Long before Lupita Nyong’o won an Oscar for her first major movie role (Patsey in 12 Years a Slave) and graced the covers of Vogue, Marie Claire and People, she was a 16-year-old from Kenya moving halfway around the world by herself to study in Mexico, where her parents lived when she was born. She says she was “excited but mainly terrified.” But she set off with courage, which is not to be mistaken for fearlessness. “Courage is acknowledging fear and taking action in spite of it,” Nyong’o says.
Strength in Experience
Knowing that she could always go back home “to loving, accepting arms” helped Nyong’o make that big move. It was just the first of many brave acts, the starting steps on a path that would lead her to a success where she is known as much for her smarts as for her talent. She has since come to see that “our challenges in life have the equal chance of building us up or breaking us down, depending on how we absorb and interpret them,” she says. Yes, what doesn’t kill us makes us stronger. But “I think the power of that statement lies in how much you are willing to believe it,” Nyong’o adds.
Dealing with Self-Doubt
As an example, she points to her experience of being cast in 12 Years a Slave when she was still at the Yale School of Drama: “I was panicking a lot about it, certain that I would fail miserably at the role because I had no experience working on such a big film with such big people. It was bound to be the biggest challenge of my life.” She expressed her fears to her counselor, who had her imagine the worst that could happen—“I imagined forgetting my lines, being the weak link of the cast, getting fired and replaced, being blacklisted in Hollywood even before I could be on a list,” recalls Nyong’o, who says that she then “basically cried a river of all the woes that lay ahead of me” before her advisor asked, “And then what happens next?”

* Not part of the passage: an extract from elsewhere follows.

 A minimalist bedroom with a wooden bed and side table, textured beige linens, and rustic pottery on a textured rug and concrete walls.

“I paused and gave it some serious thought,” Nyong’o says. “And then I burst out laughing and said, ‘I guess life goes on.’” The exercise taught Nyong’o the importance of good mental habits. “I felt such a relief in that moment and free enough from the demon that was my self-doubt, that I could actually go away and do the work that I needed to do to prepare for the role,” she says.

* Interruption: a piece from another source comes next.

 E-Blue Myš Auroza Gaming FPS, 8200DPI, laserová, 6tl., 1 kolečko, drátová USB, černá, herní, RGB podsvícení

More Secrets to Her Success
If Nyong’o seems wise beyond her 31 years, it’s partly because she has the savvy to listen to, and learn from, her parents. Four lessons she says she has taken to heart:
1. “My parents taught me, in action more than in words, to never pretend to be someone I am not—except when I am acting, of course!”
2. “My mother is NEVER ashamed to admit she doesn’t know something, and I have witnessed her admit this and retain her dignity. That is a quality I truly admire about her and one that I have very consciously strived to espouse.”
3. “All my conscious life, my father has fought for what he believed in, even when it was highly inconvenient. Integrity is a quality I insist on in my relationships because of his example.”
4. “And together, my parents have taught me the value of friendship. Just the other day my mother reminded me that the value of life is not what you do, but who you are to those you call friends. My parents have invested in some quality friendships over the years. To this day I call their close friends my aunts and uncles. They have been my foster parents in the foreign countries that I have called home over the years. They have loved me like a daughter because of how much they love my parents. And my parents have instilled in me the conviction to foster those relationships, make them my own, and never take them for granted.”
Feeding Her Soul
Finally, as crazed as life can get, Nyong’o is mindful not to neglect her inner life. A self-proclaimed avid listener of “This American Life,” and a few years back of Marianne Williamson’s podcast, “Miracle Thought,” she feeds her soul primarily through her ears. “If I were to develop a sixth sense, it would be Clairaudience,” she says. “I love feeding my soul by listening to things: stories, talks, news, music. Listening activates my imagination.”
Lupita Nyong’o won an Academy Award for Best Supporting Actress as well as the Screen Actors Guild Award and Critics’ Choice Award. This past summer she joined the cast of the J.J. Abrams-directed Star Wars: Episode VII. Next she will lend her voice to Jon Favreau’s The Jungle Book and co-produce and star in a film based on Chimamanda Ngozi Adichie’s novel Americanah. Nyong’o is a graduate of the Yale School of Drama.